* **DATA RECORDS**
----

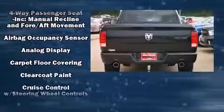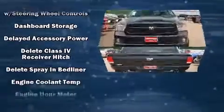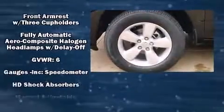It distinguishes itself from the competition with features such as a tachometer, variably intermittent wipers, a front bench seat, fully automatic headlights, a trailer hitch, a bed liner, and more.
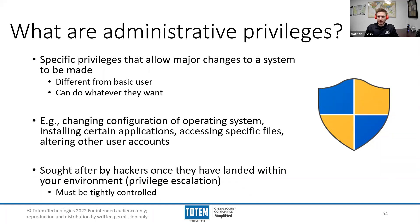Before we talk about why we should restrict administrative privileges, let's explore what they even are. The most basic way I can define administrative privileges is that they are essentially a set of permissions or capabilities within a given system that allow a user or multiple users to make major changes to that system. For example, administrative privileges could be used to change how an operating system is configured, what software applications are allowed to run or be installed, which files are allowed to be accessed, and even which user accounts exist within that system.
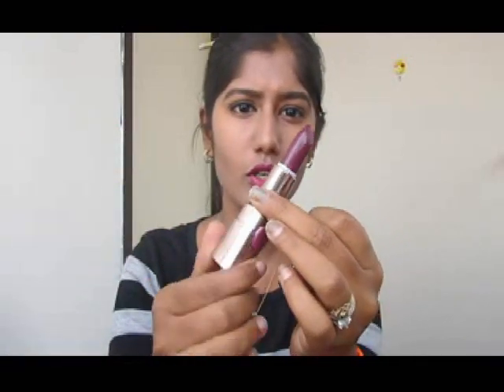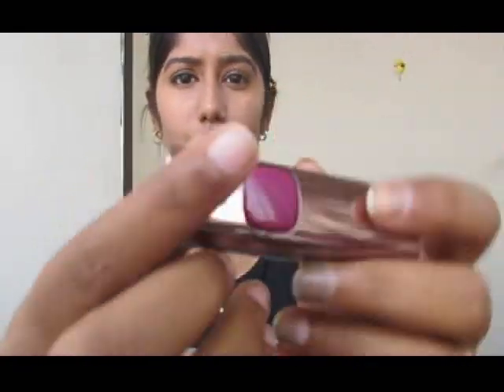Starting with the packaging — this is how it looks. You open it and you get the bullet. The color name is mentioned here on the side and also on the bottom, so all the packaging looks the same but the color is labeled so you can easily identify each shade when you have more than one.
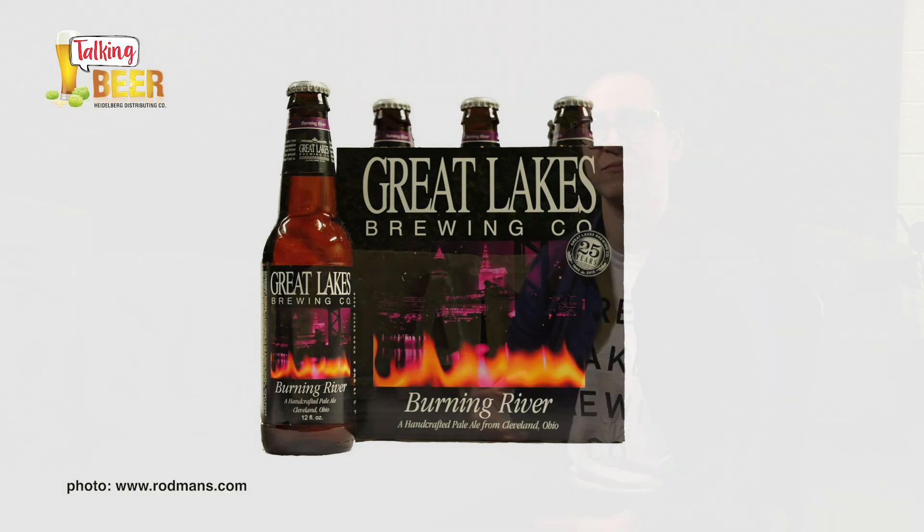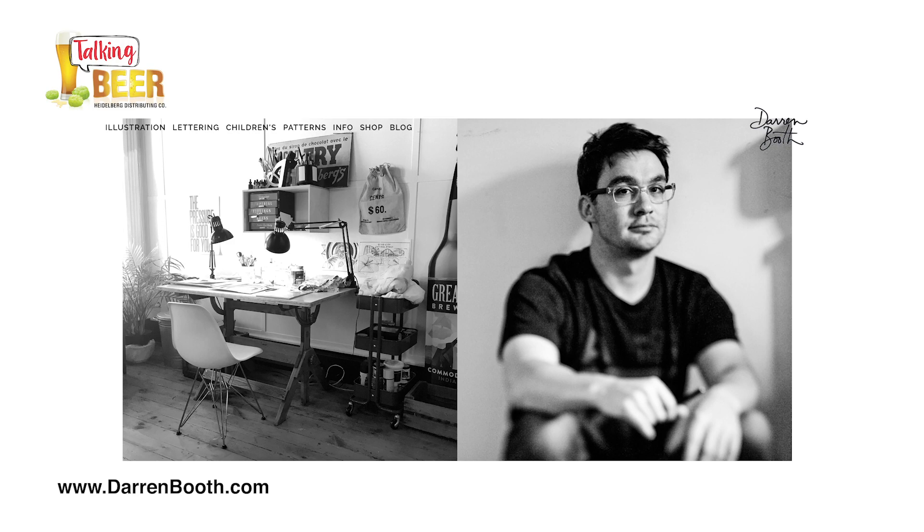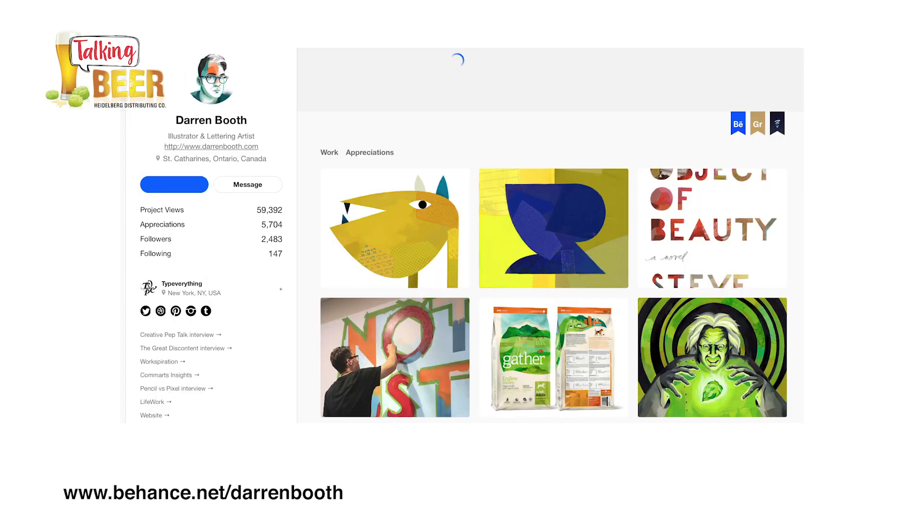But as time wore on, we started to get a little inconsistent with the way things on the labels looked. So in 2015, we did a complete overhaul of our packaging and refreshed it. We found a great artist and illustrator, Darren Booth, who helped bring more of that painterly, consistent style to the packages.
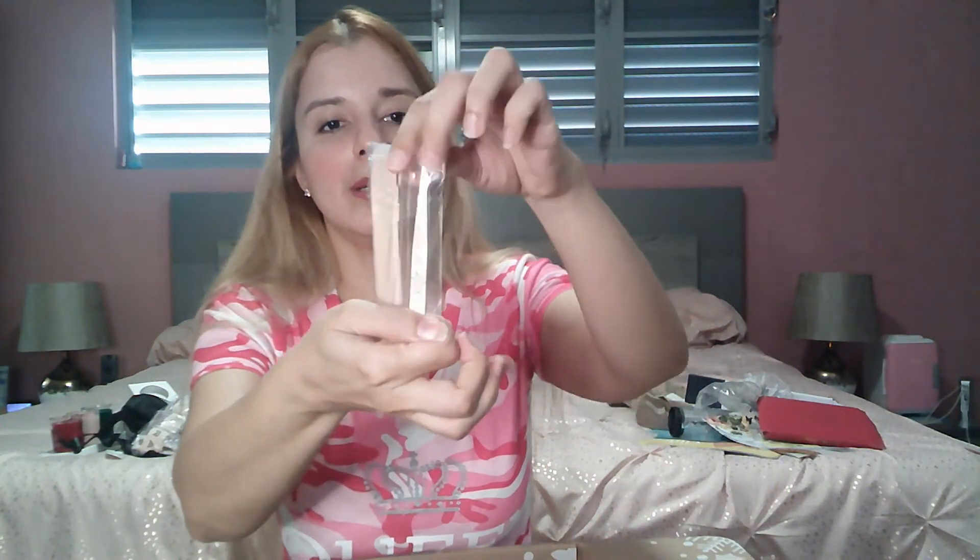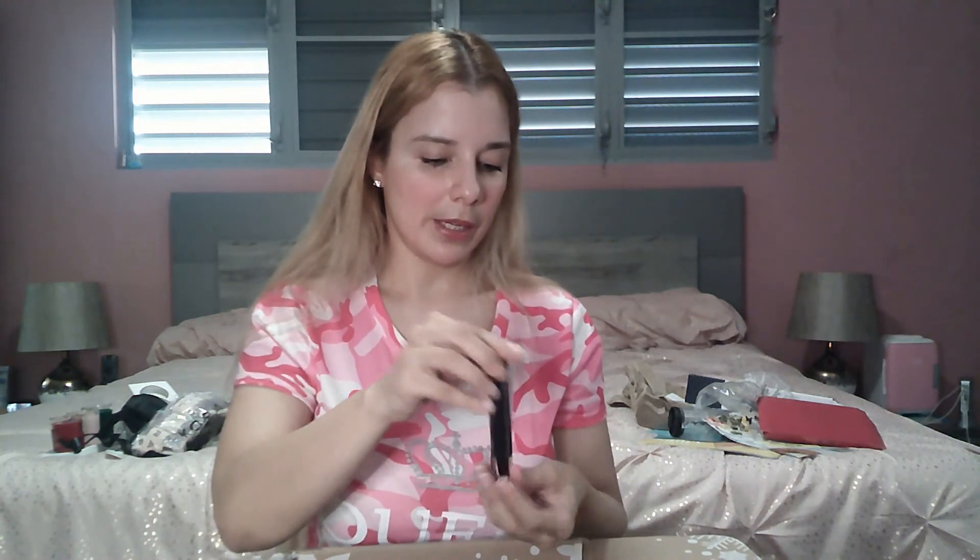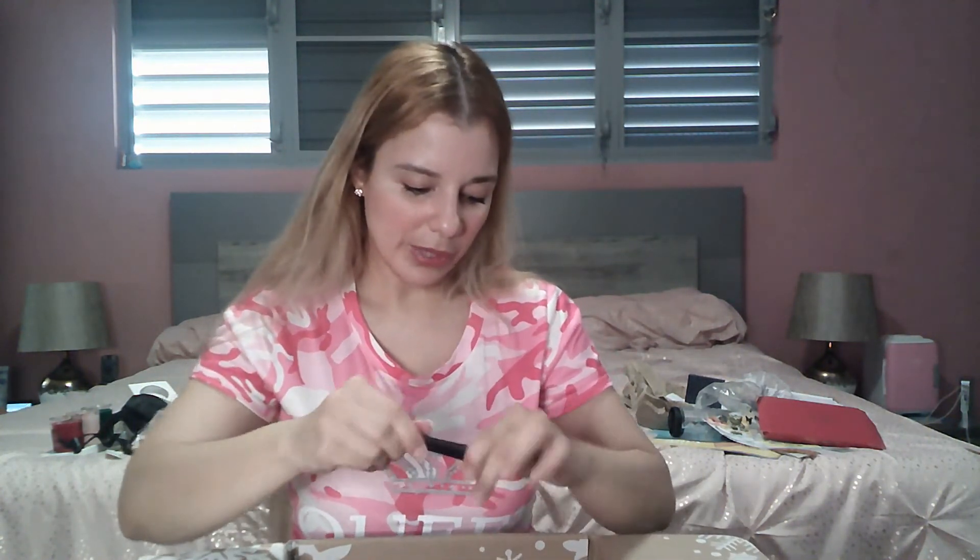The next bundle item is the Summer of Rose tweezers with a pouch. More tweezers, but they look very nice and cute. They come with a pouch and have a flower print design — looks cute at least, and you can never go wrong with tweezers. The last bundle item is an Esthetica liquid eyeliner. I don't wear many eyeliners, but here it is — it's a liquid eyeliner with a fine tip. It's okay, nothing too crazy.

----

* **TO DO**
Repeat each of the entries above exactly, but do not carry over the pictures.

* **OUTPUT BELOW**
It distinguishes itself from the competition with features such as a tachometer, variably intermittent wipers, a front bench seat, fully automatic headlights, a trailer hitch, a bed liner, and more.
Before we talk about why we should restrict administrative privileges, let's explore what they even are. The most basic way I can define administrative privileges is that they are essentially a set of permissions or capabilities within a given system that allow a user or multiple users to make major changes to that system. For example, administrative privileges could be used to change how an operating system is configured, what software applications are allowed to run or be installed, which files are allowed to be accessed, and even which user accounts exist within that system.
Starting with the packaging — this is how it looks. You open it and you get the bullet. The color name is mentioned here on the side and also on the bottom, so all the packaging looks the same but the color is labeled so you can easily identify each shade when you have more than one.
But as time wore on, we started to get a little inconsistent with the way things on the labels looked. So in 2015, we did a complete overhaul of our packaging and refreshed it. We found a great artist and illustrator, Darren Booth, who helped bring more of that painterly, consistent style to the packages.
The next bundle item is the Summer of Rose tweezers with a pouch. More tweezers, but they look very nice and cute. They come with a pouch and have a flower print design — looks cute at least, and you can never go wrong with tweezers. The last bundle item is an Esthetica liquid eyeliner. I don't wear many eyeliners, but here it is — it's a liquid eyeliner with a fine tip. It's okay, nothing too crazy.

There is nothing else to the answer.